1. Field of the Disclosure
The present disclosure relates to a method of fabricating a single-crystal silicon film and a method of fabricating a thin film transistor (TFT) adopting the same.
2. Description of the Related Art
Poly crystalline silicon (poly-Si) has higher carrier mobility than that of amorphous Si (a-Si), and thus, is utilized in a flat panel display device and in various electronic devices such as solar batteries. However, the carrier mobility and homogeneity of poly-Si are inferior to those of single-crystal Si.
Single-crystal Si is useful for a system on panel (SOP) structure, in which a system is formed on a display panel. The mobility of single-crystal Si is 300 cm2/Vs or higher. A high quality switching device used in a display device can be obtained from single-crystal Si having high mobility.
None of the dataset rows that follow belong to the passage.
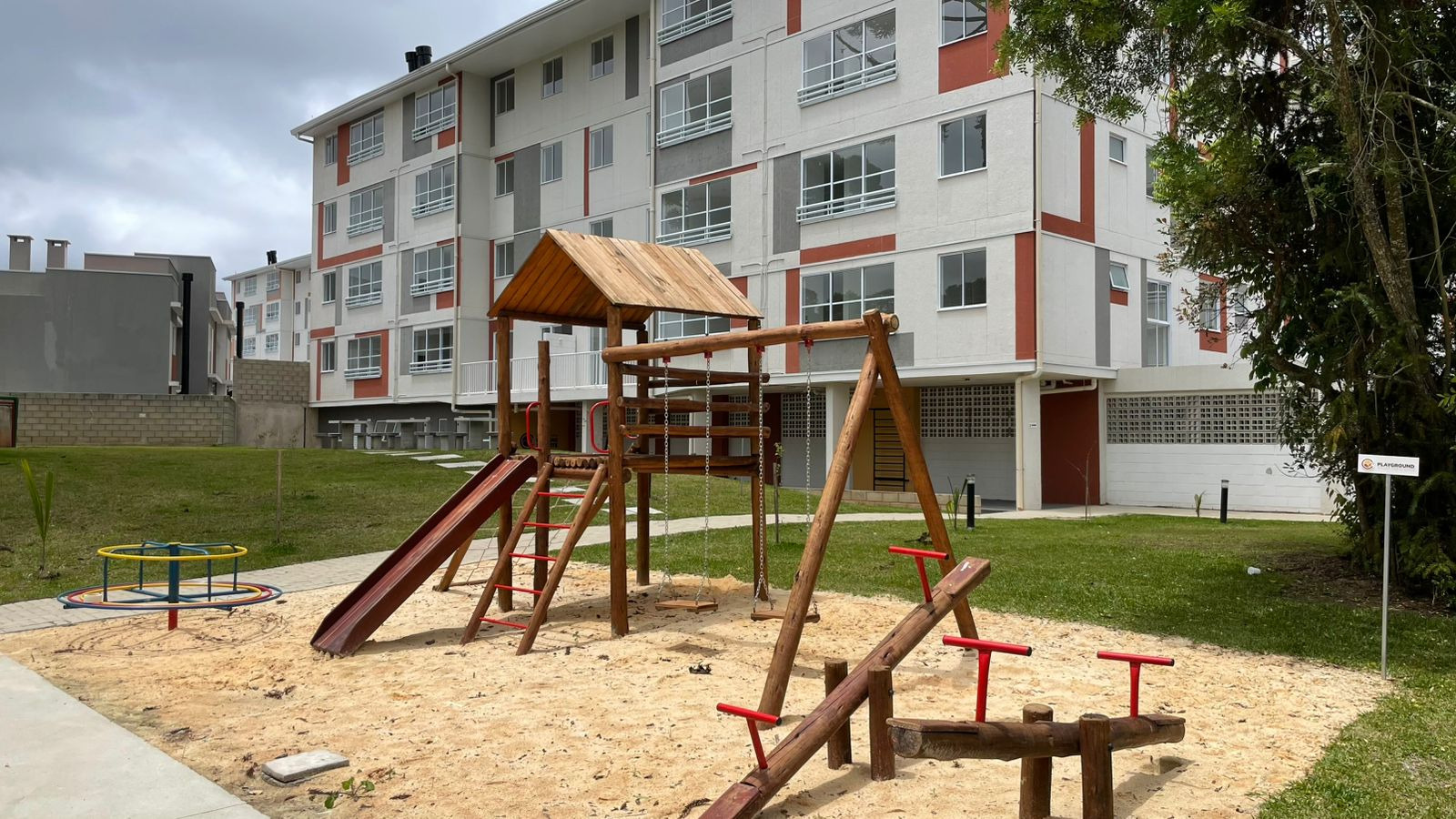 Cohapar entrega residencial com 184 casas e apartamentos em Curitiba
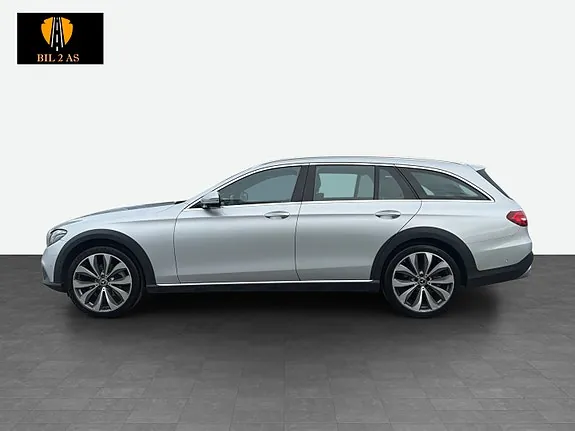 Mercedes-Benz E-Class 2017 photo 2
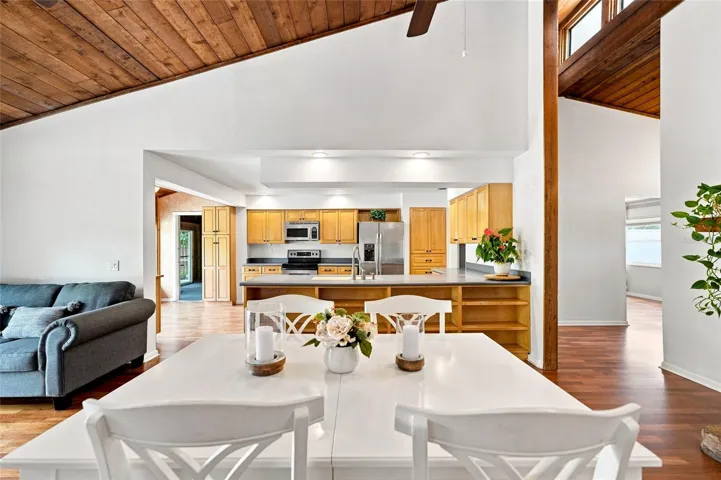 2555 Sweetgum Way W, Clearwater, FL 33761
There are certain limitations in fabricating single-crystal Si, such as a limitation of processing temperature. When the single-crystal Si is fabricated, the processing temperature cannot rise over a certain temperature that can be endured by a material forming a substrate of the Si.
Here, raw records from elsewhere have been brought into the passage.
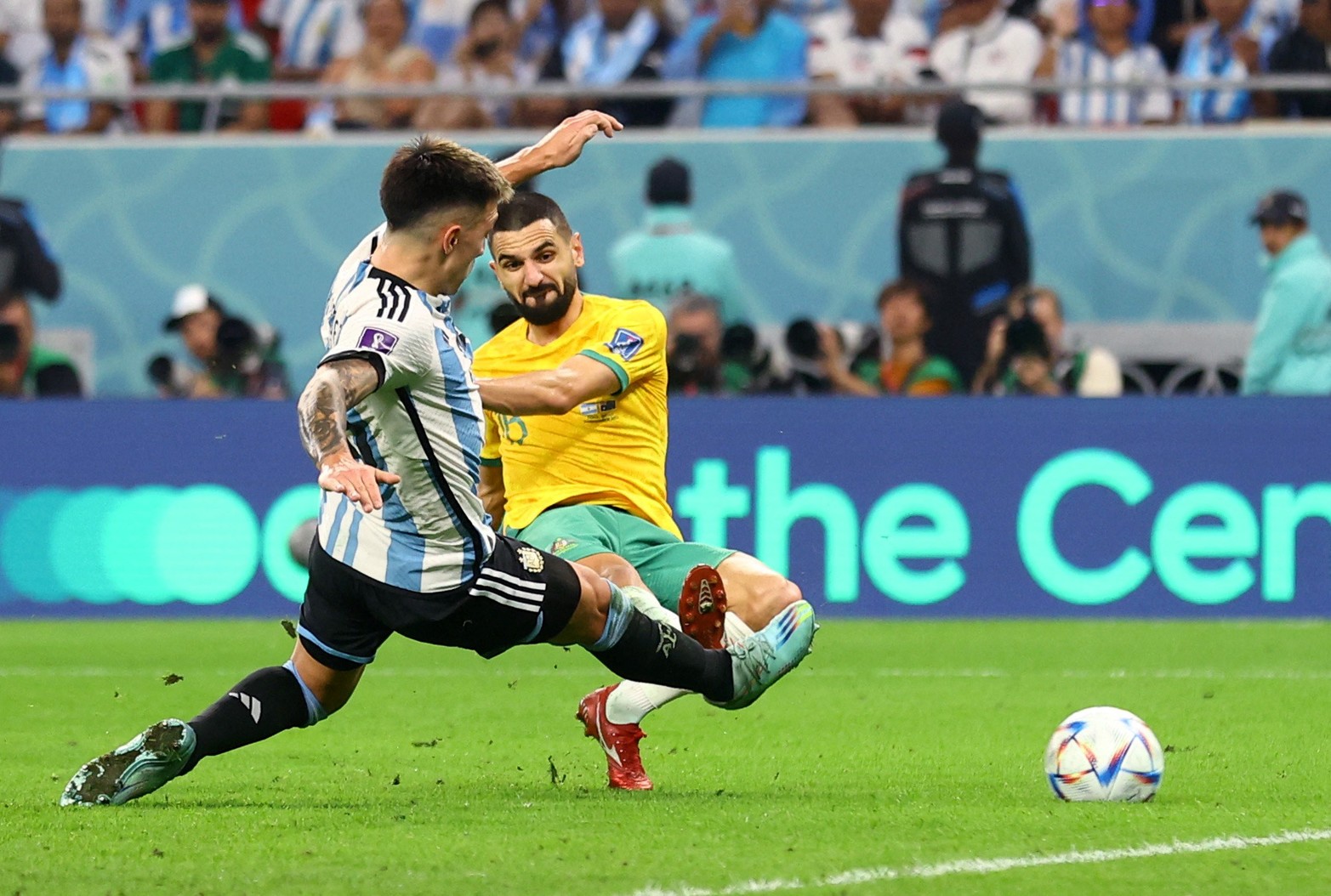 Por octavos de final, Argentina le ganó 2 a 1 a Australia y pasó a cuartos de final.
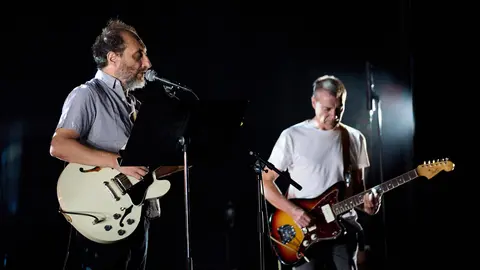 Concierto Esencial de Los Planetas en el auditorio Baluarte de Pamplona durante de la XII edición del festival Flamenco On Fire. IÑIGO ALZUGARAY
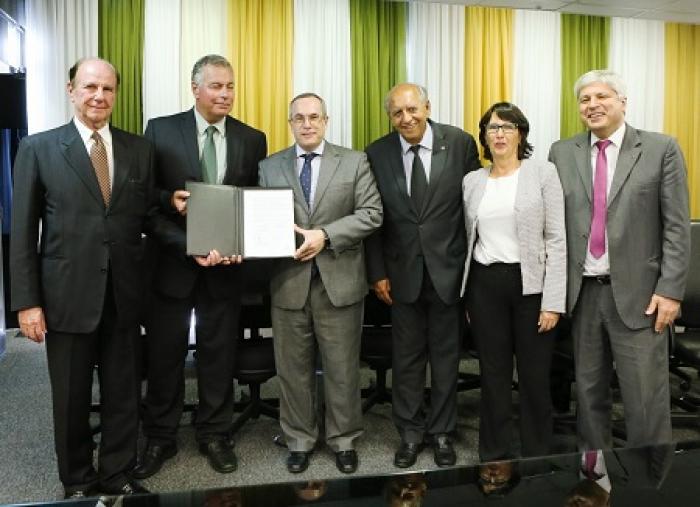 CPRM, ANP e Petrobras firmam parceria que revitalizará museu e criará  Centro de Referência de Geociências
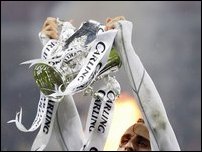 ����� ����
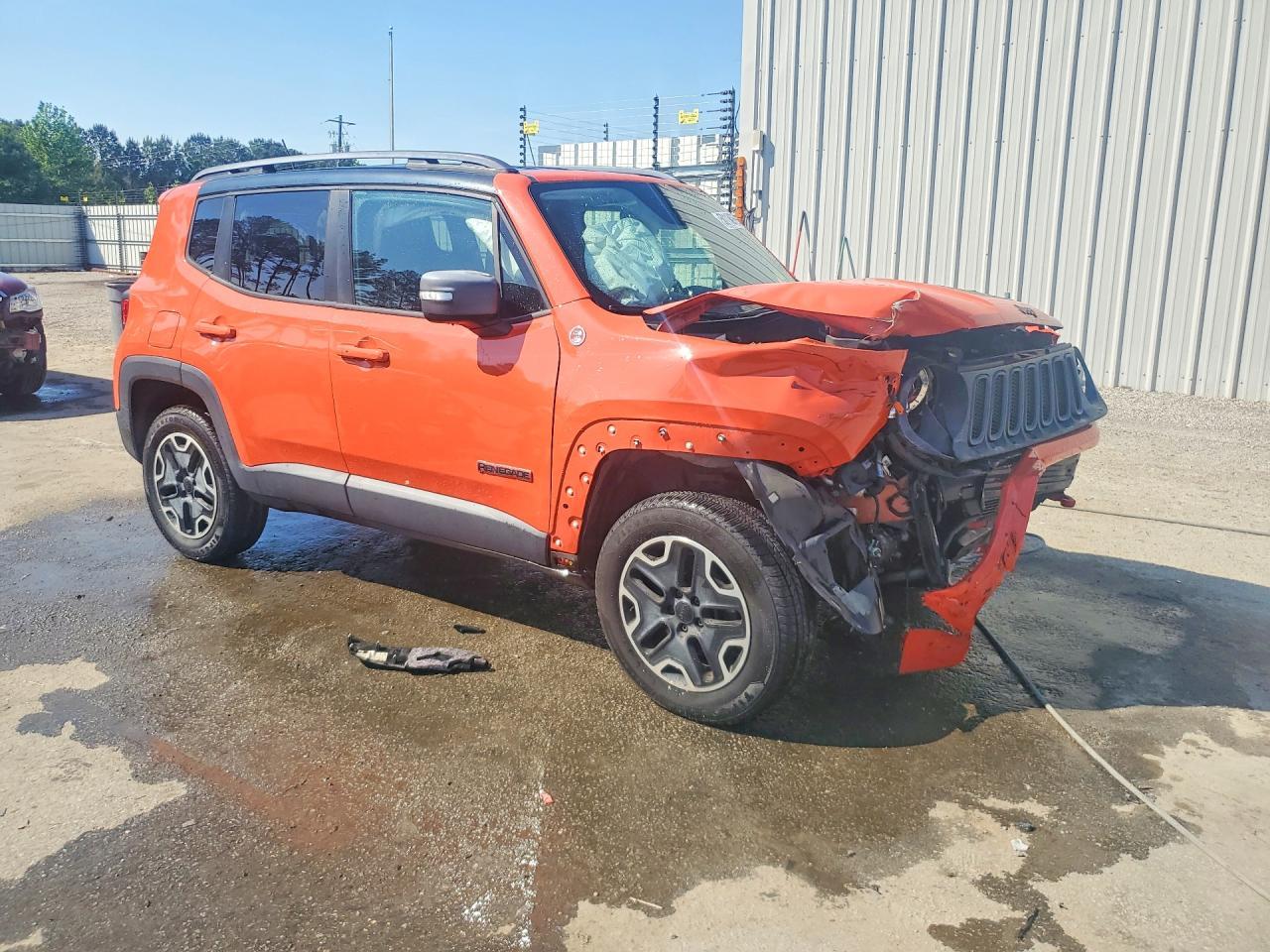 2015 Jeep Renegade Trailhawk - zdjęcie 4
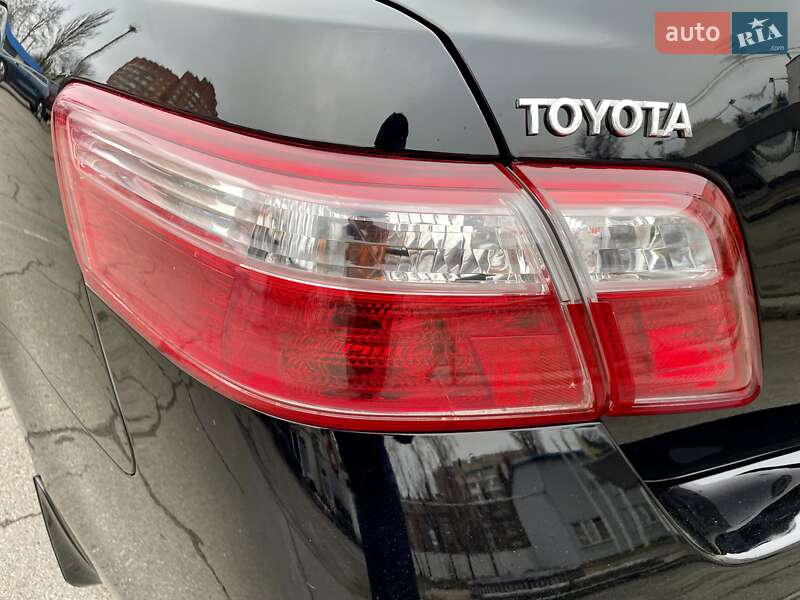 Седан Toyota Camry 2010 в Киеве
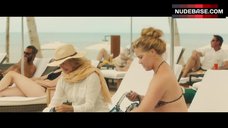 210. Amy Schumer Bikini Scene – Snatched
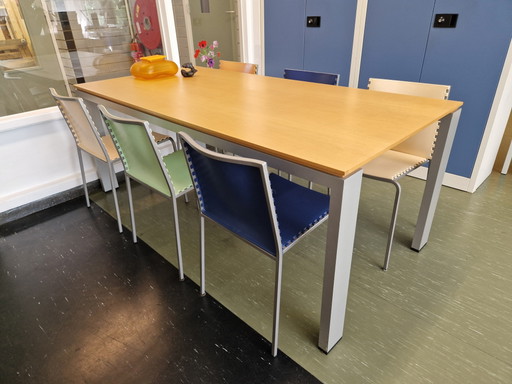 Tavolo da pranzo Arco Graphic con sei sedie Zip Desalto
A method of fabricating a silicon-on-insulator (SOI) wafer using a so-called proprietary Smart-Cut technique includes an annealing process, the processing temperature of which rises up to 1000° C. The above method includes the operations of heat treating of a bare wafer having a predetermined thickness to form an oxide layer thereon, forming a boundary layer using hydrogen impurities by injecting hydrogen (H+) ions under the surface of the wafer, bonding the wafer to a separate substrate and separating the boundary layer to retain silicon of a predetermined thickness on the substrate, and annealing the silicon left on the substrate at the high temperature.
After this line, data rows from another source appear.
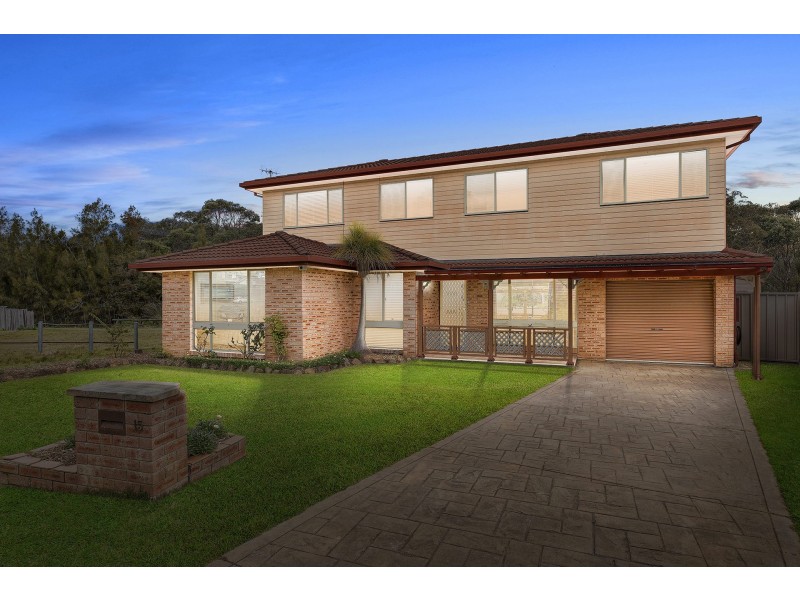15 Vaughan Close, Killarney Vale NSW 2261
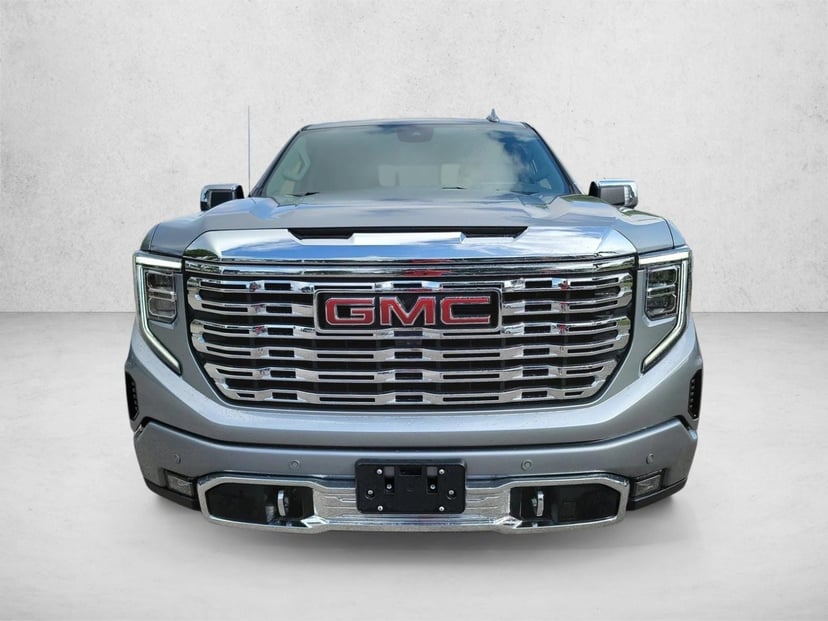 2024 GMC Sierra 1500 - Image 2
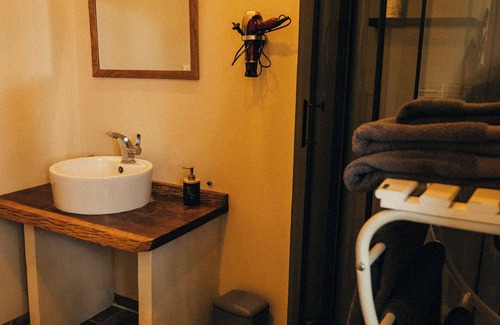 Anjou Lit Et Petit-Déjeuner | Gites et chambres d'hotes de Cozance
The temperature may rise over 900° C. in the thermal oxidation process, and over 1,100° C. in the annealing process. The high-temperature processes may degrade the characteristics of the substrate. Therefore, the material that can be selected to form the substrate is limited by the high temperature process, and the selected material undergoes thermal shock. Thus, the performance of the device formed using the silicon may be degraded.